To this story, restoration of the Everglades may seem a peripheral concern. Here is why it is not.
When environmental permitting agencies so clearly avoid their mission and the fulfillment of major public responsibilities (like Mod Waters and the 8.5 Square Mile Area), it sends shock waves straight through to the lowest level of government agencies who come to feel, as they do, that if special interests can break the law, or twist and deform it, why can't we do the same?
I can guarantee you that, at the time, the water-cooler talk at Florida City or Homestead City Hall was not about protecting Florida panthers No. Insider deals by "high" public officials give "low" agency staffers the idea, "I got to get mine".
When a major corporation, like Lennar, and a county commissioner contrive to a transaction for property at a deeply discounted price in 2003, which is the 2006 story of county commissioner Joe Martinez (see Jim Defede's amazing segment on Martinez, "I am not a crook") -why wouldn't Florida City's former housing director Price try to reward a developer who had given him the down payment on a house?
"Price, said Mayor Otis Wallace, was someone who had the propensity to do things that were unauthorized on his own--and that's a fact." And by the way, Joe Martinez bought his lot "legally" and was vetted by a county ethics review that makes for interesting reading of itself.
Ah the facts. Poor Mr. Price who wasn't buttressed with the fact of support, as in the case of Joe Martinez, of a former president of the Latin Builders Association.
Mr. Price, for whom the price wasn't right, is going to jail for 30 months for the discount version of the wealth-creator: "Thirty six homes were built and sold, for prices ranging from $140,000 to $320,000. Under the plan worked out with Riley (developer)... the houses were to be built in blocks of 12. As each house was sold, the loans were paid off. The investors then "rolled over" the money to build the houses on the next block."

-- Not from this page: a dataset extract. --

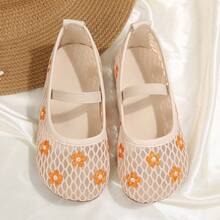 Children's Summer Mesh Breathable Floral Shoes, Girls' Soft Bottom Dance Shoes, Small Daisy Embroidered Summer Embroidered Princess Shoes, Girls' Hollow Sandals, Mary Jane Children's Embroidered Mesh Shoes, Baby Girls' New Elastic Band Non-Slip Comfortable Casual Shoes - Beige - View 3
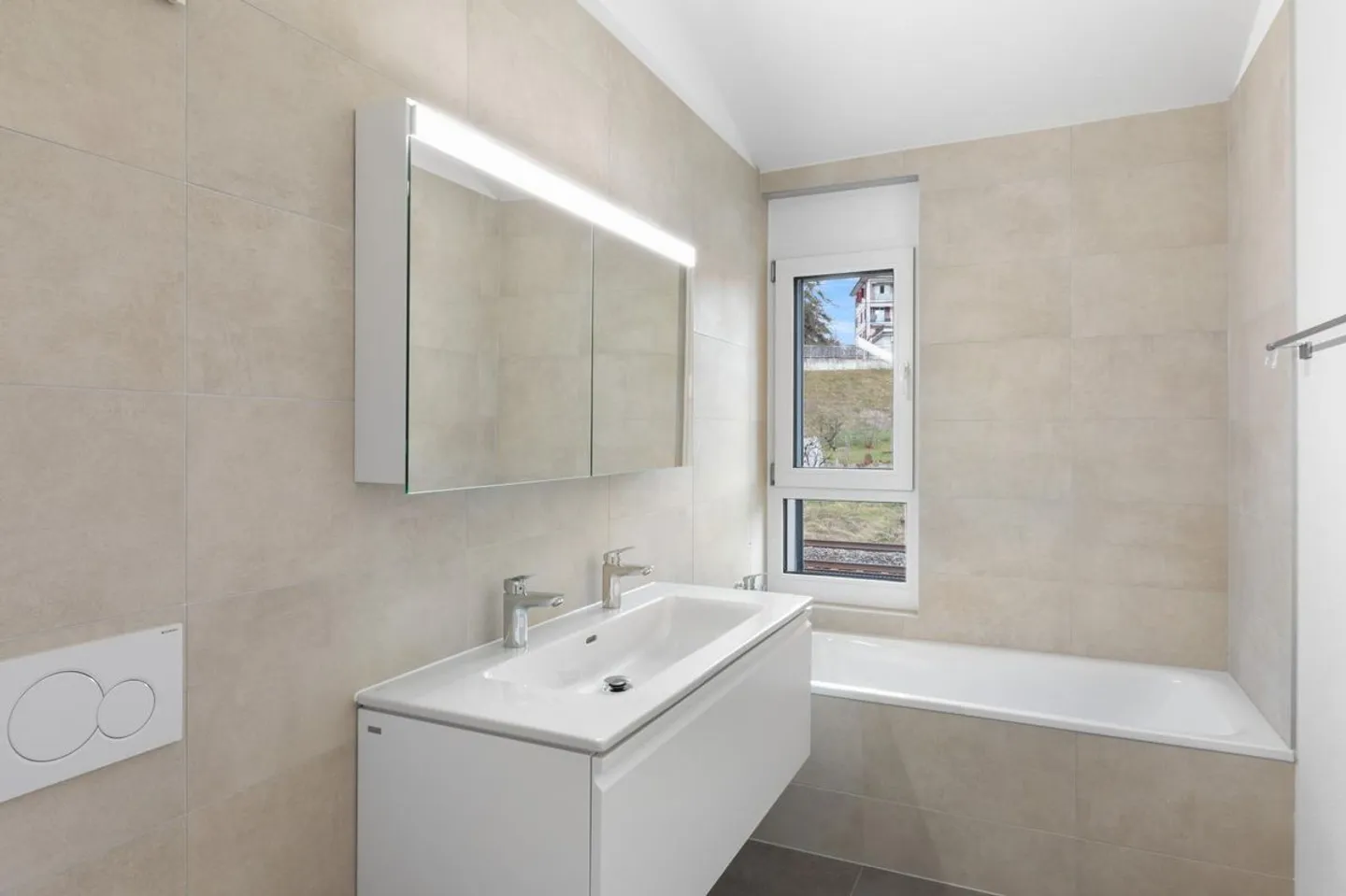 Découvrez un appartement exceptionnel, alliant confort, espace et vue imprenable sur les Alpes. - Photo 12 sur 13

As for the land speculators who, today, are under water until the markets reverse, I'm sure the chatter is much more subdued than the applause that greeted Joe Martinez' "I am not a crook" speech. County Commission Pepe Diaz told Time Magazine that he and the rest of the unreformable majority are not in bed with developers. No, now they want to be rock miners. But more of that, later.
8 comments:
Ana Menendez has a great editorial on the UDB in today's Miami Herald. Read it!
Don't forget Gimleteye that along with Lennar, Rosen and Latterner also were on that option to buy the Atlantic Civil land.
Tucked in the article:
Price, said Florida City Mayor Otis Wallace ``was someone who had the propensity to do things that were unauthorized on his own -- and that's a fact.''
I think we have an informant here -- Rundle, are you listening...let's take Wallace to task.
Otis Wallace hired former Homestead CRA chief Rick Stauts after he was forced to resign amid scandals in Homestead. Shotgun houses and makeover among many questionable deals. I wouldn't count on Wallace for much of anything.
Rundle has Jordan and Wallace's sister as an informant. Sandy Taylor, is her name.
get serious, sandy walker is her name, is not going to INFORM on her brother, this Price person seems like a better bet.
What motivates nine idiot County Commissioners to invade and pave the Everglades?
And why do the inner city Commissioners seemingly vote against their constituents? Why don't they fight to encourage urban infill? Why don't they fight to get a Lowe's in Overtown? Or a Lowe's in Liberty City? Why do they fight to send jobs into the Everglades? Far from public transportation?
Whatever Rundle may get in a gift-box all wraped up she is sure to bury it along with all her other treasure for a rainy day, or another contested election. She is not interested in prosecution just being prosecutor.